Many of us are scratching our heads, worried about the financial crisis, and not quite sure what it is we are exactly worried about. I think many Americans are trying to work, pay their bills, keep their own expenses down, as much as possible with gas and groceries in the Rockefeller range. I think most people are paying attention, not completely sure what's going on, sure we are never going to get the whole story, and at the same time, eager for some "downtime" to try and get our heads clear and our spirits up again. Any wonder why radio and film was so popular during the 30s and the WWII years of the 40s. Ever wonder why people in the midst of the depression want to see gangsters, or lavish musicals or screwball comedies? Why would someone not sure about their financial future want to watch a film that shows lots of glittering ladies dancing in tempo, with a backdrop of glamour, glitz and wealth? Escapism. Pure escapism.
That's something that the musical films of Busby Berkely offered- in spades. They may have been light on plot and structure- but that wasn't really the point. Almost an ancestor of the variety shows of the golden television era, the films offered a bedazzling spectacle of glitz and glamour and showstopping numbers.

The Films:
Gold Diggers of 1937:
Dick Powell is an insurance agent who isn't exactly the "top man" at the agency. Things seem to pick up when he meets, and falls in love with, showgirl Joan Blondell. He's got a girl, who becomes his secretary, then he soon gets a million dollar client played by Victor Moore, who doesn't seem long for this world. Somehow the agent, the girl, the show and the money all get together admist big numbers like : With Plenty of Money and You, Speaking of the Weather and All's Fair in Love and War. The patter is fun, and Dick Powell and Joan Blondell are always a plus in any film, but the numbers are uneven. It seems for every great one (With Plenty of Money and You) there is one that kind of falls short (All's Fair). It's an Ok film, but the series is beginning to wear thin with this one.
Extras include: Two clips from the lost film Gold Diggers of Broadway (filmed in two strip color process), two cartoons based on two of the numbers for the film, trailers and the 1997 documentary Busby Berkeley: Going Through the Roof.

Gold Diggers in Paris:
The swan song of the Gold Diggers series, this time the girls and the numbers are in the city of lights. The Club Balle is mistaken for the American Ballet Company by a frenchman, Maurice Giraud (Hugh Herbert), looking to book the important company to dance at the Paris Exposition. The girls and guys of Club Balle aren't ones to look a gift horse in the mouth, and proceed to turn Paris on it's ear with great numbers. Unfortunately the real American Ballet Company has found out the mistake and are fast on their heels to make sure they are the featured performance.
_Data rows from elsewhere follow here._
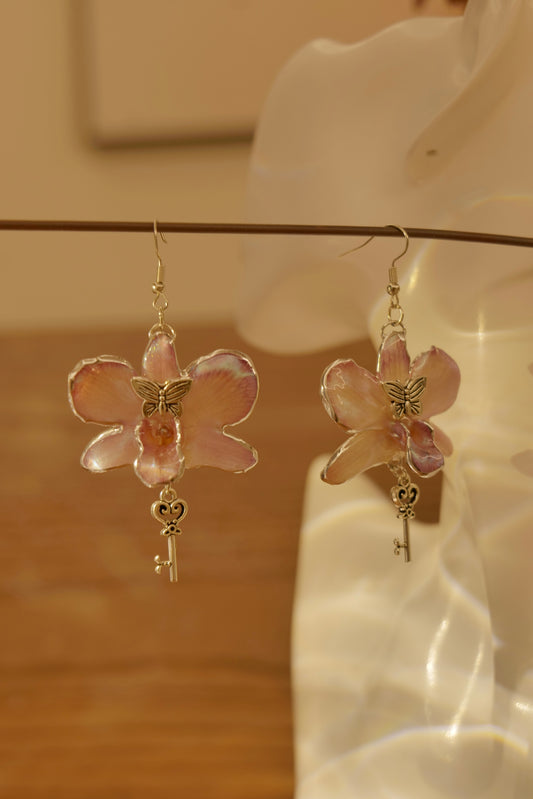 CLAVIELLE — Purple Dendrobium Orchid Key & Butterfly Earrings by Terra Decode — product photograph 1 showing the handmade botanical earrings.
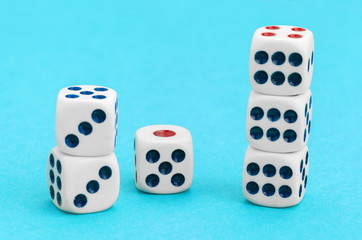 Gaming dices on blue background. Game concept.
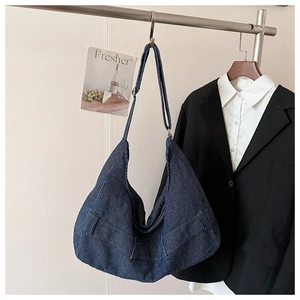 Detail of navy blue corduroy hobo bag showing ribbed texture and adjustable strap hanging
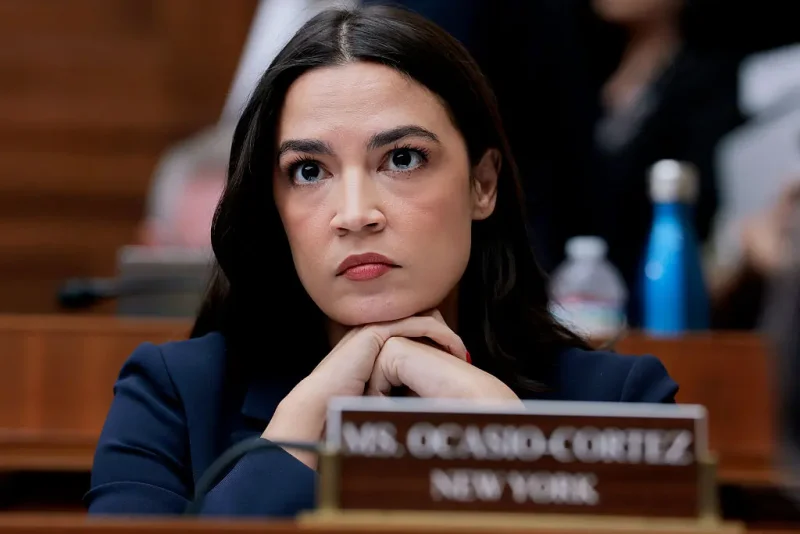 WASHINGTON, DC - MAY 13: Rep. Alexandria Ocasio-Cortez (D-NY) listens during a mark up meeting with the House Committee on Energy and Commerce committee on Capitol Hill on May 13, 2025 in Washington, DC. The committee met to discuss legislative recommendations for budget reconciliation. The committee room was surrounded by protesters fearing cuts or increased costs to medicaid. (Photo by Anna Moneymaker/Getty Images)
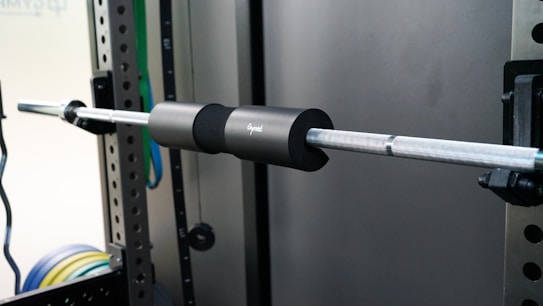 A barbell is mounted on a squat rack, equipped with a black foam pad for cushioning. The metal barbell has a textured grip, and the setup is surrounded by a gym environment with various colored weights visible in the background.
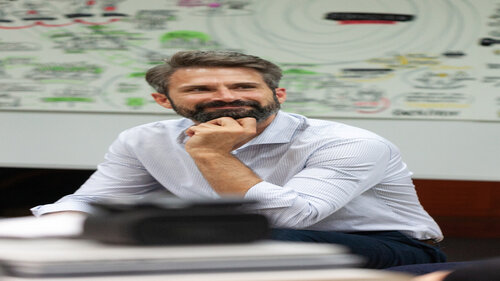 Porträt von Tom Klose mit weißem Hemd, der nachdenklich lächelt.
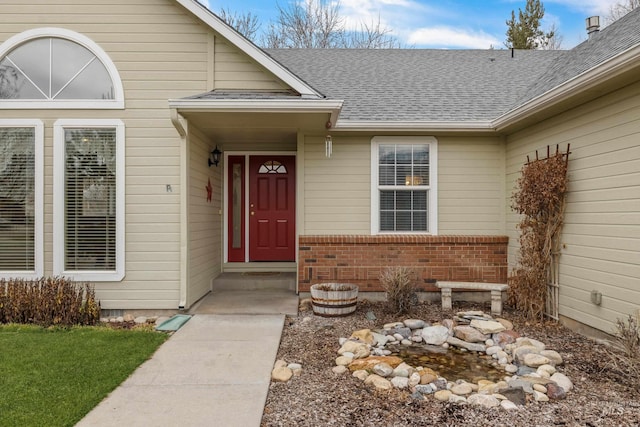 doorway to property featuring crawl space, a shingled roof, and brick siding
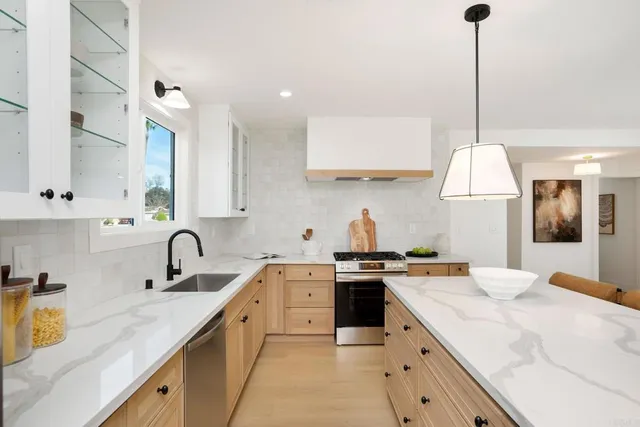 a kitchen with a sink stove and cabinets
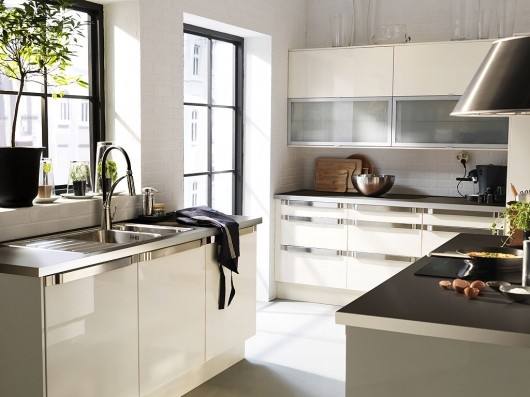 A kitchen cabinet section with open drawers showing glassware, plates and utensils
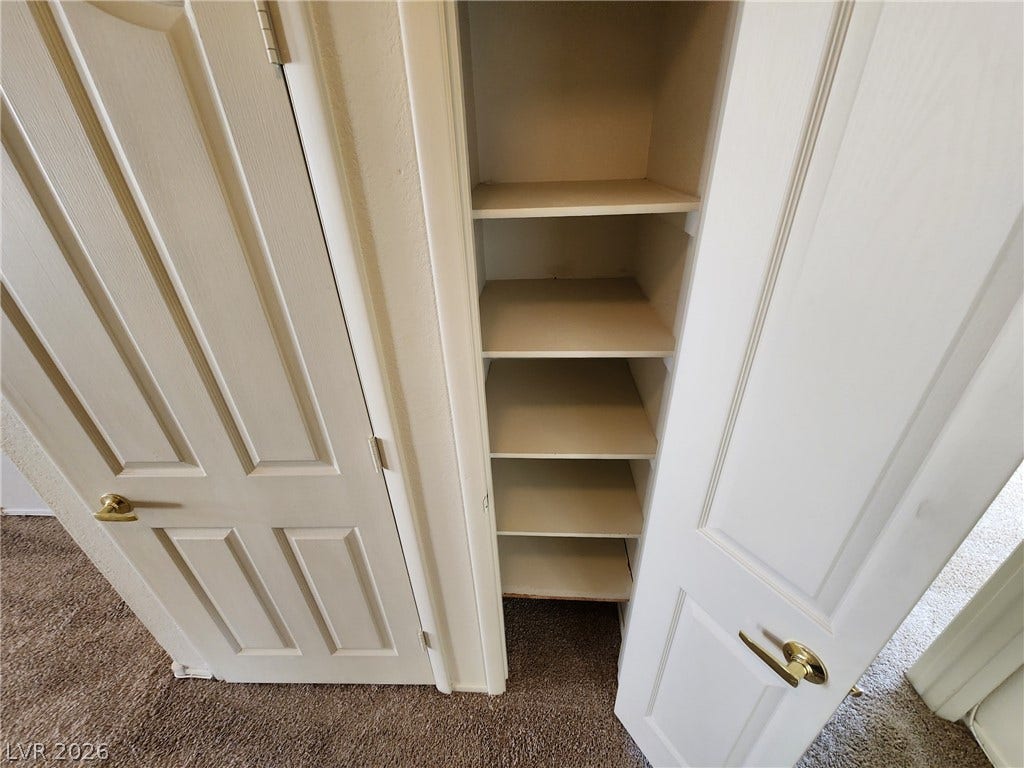 8301 Boseck Drive, #237, Las Vegas, NV 89145 Ample built-in shelving provides convenient storage space within this hallway closet setup.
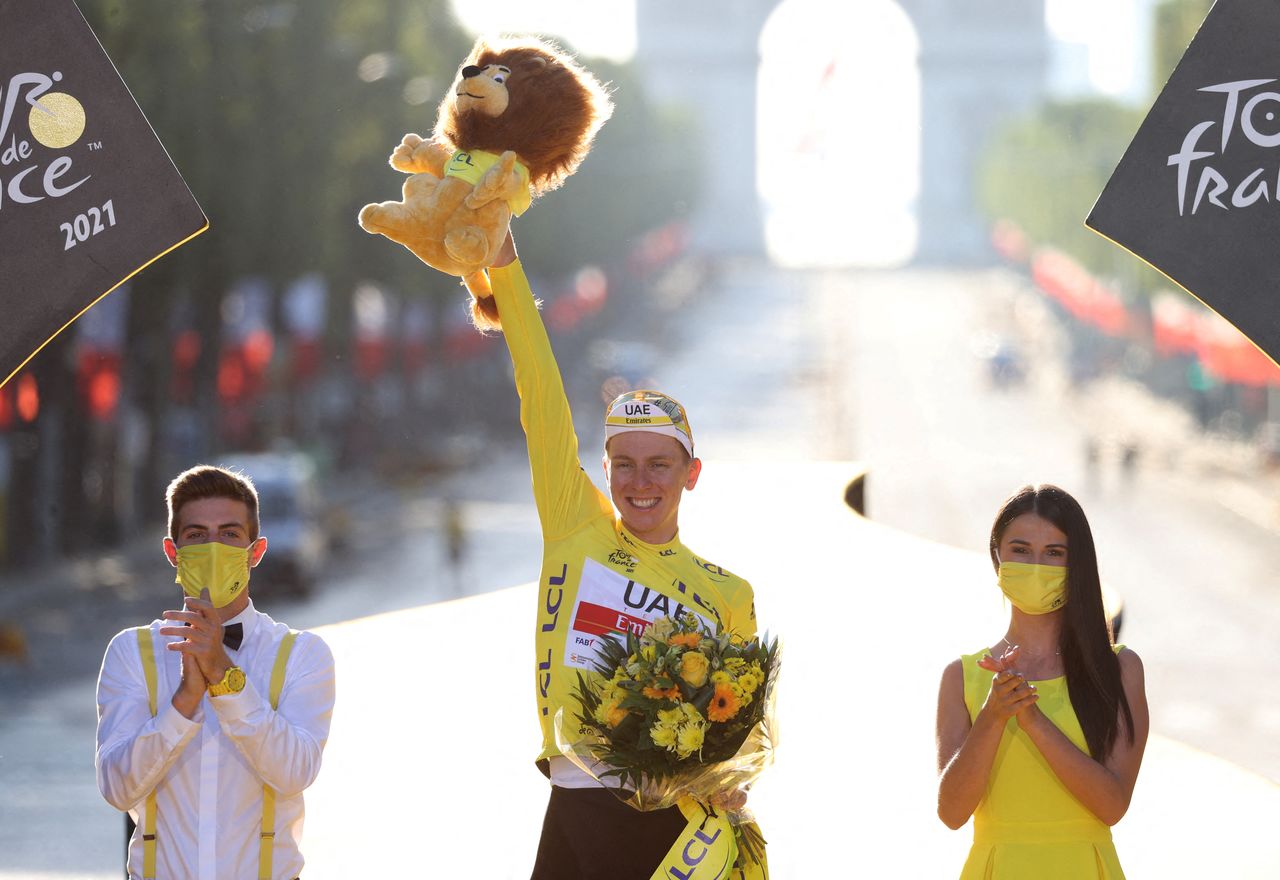 FILE PHOTO: Cycling - Tour de France - Stage 21 - Chatou to Paris Champs-Elysees - France - July 18, 2021 UAE Team Emirates rider Tadej Pogacar of Slovenia celebrates on the podium after winning the yellow jersey and the Tour de France Pool  via REUTERS/Garnier Etienne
Featuring great vocals by Rudy Vallee and the lovely Rosemary Lane, Gold Diggers in Paris is fun, but perhaps the weakest of the series in terms of plot and interest.
Extras include: two Broadway Brevities musical shorts, the classic cartoon Love and Curses and the theatrical trailer.

Varsity Show:
Dick Powell returns, this time as a Broadway impresario Chuck Daly whose is roped into helping the kids at his Alma Matter, Winfield College, put on a show. Their theater director wants nothing to do with high kicks or hijinks, but instead would rather put on a straight-forward, serious piece. Thinking Daly is the ultimate big shot, the kids offer him what they think is a paltry sum. But Daly has fallen on hard times and agrees to do the show. It sounds easy at first, but the faculty at the school aren't amused by Daly, and things get complicated when Daly falls for Babs Steward (Rosemary lane). This film is the debut of the Lane sisters, Rosemary and Priscilla, and their vocals and talents are a welcome treat. Powell is fun as always and Ted Healy and Sterling Holloway bring the comedy. An agreeable diversion, Varsity Show is fun and packed with musical numbers that you will enjoy.
Extras Include: Musical short Flowers from the Sky,an Edgar Bergen & Charlie McCarthy comedy short A Neckin' Party, WB classic cartoon Have You Got Any Castles and the theatrical trailer .

Hollywood Hotel:
Erstewhile Berkeley leading man, Dick Powell is back and this time he's radio and Big Band saxaphone player and crooner, Ronnie Bowers. He gets his big chance at Hollywood Stardom when he wins a short term contract. But Hollywood isn't all it's cracked up to be and about the only screen time he gets is to escort spoiled star Mona Marshall (other Lane sister, Lola). Mona is pouting and refusing to go to her premeire, so the studio panics and sets up a look-a-like to go with Bowers, who is unaware of the switch. While the pretend Mona is played by waitress Virginia Stanton (Rosemary Lane), Bowers falls in love with someone who is nothing like Marshall- that is down to earth, kind and lovable. When Marshall discovers the subterfuge, she has Bowers fired and Ronnie is reduced to sling sodas at a car hop. When he discovers the case of mistaken identity, Bowers realizes the girl he wants is really Virginia and the two come together and find a way to get Ronnie another chance at stardom. The title is taken from Louella Parson's famous radio show of the era, and she appears as herself in the film.
I truly enjoyed this film, and consider it the best of the set. It's a lot of fun, and it definitely skewers Hollywood a bit and has some really great numbers in it. Ted Healy is back, along with Hugh Herbert, Edgar Kennedy, the always lovely and talented Frances Langford, Glenda Farrell and Benny Goodman and his Orchestra. The highlight of the film for me is a great number that Berkeley cleverly choreographed at a car hop, Let That Be a Lesson To You. Other great numbers: I'm Like a Fish Out of Water, I've Hitched My Wagon to a Star, and of course Hooray for Hollywood.
Extras Include: Technicolor historical short The Romance of Robert Burns, an Edgar Bergen & Charlie McCarthy comedy short Double Talk, WB classic cartoon, Porky's Five & Ten and the theatrical trailer.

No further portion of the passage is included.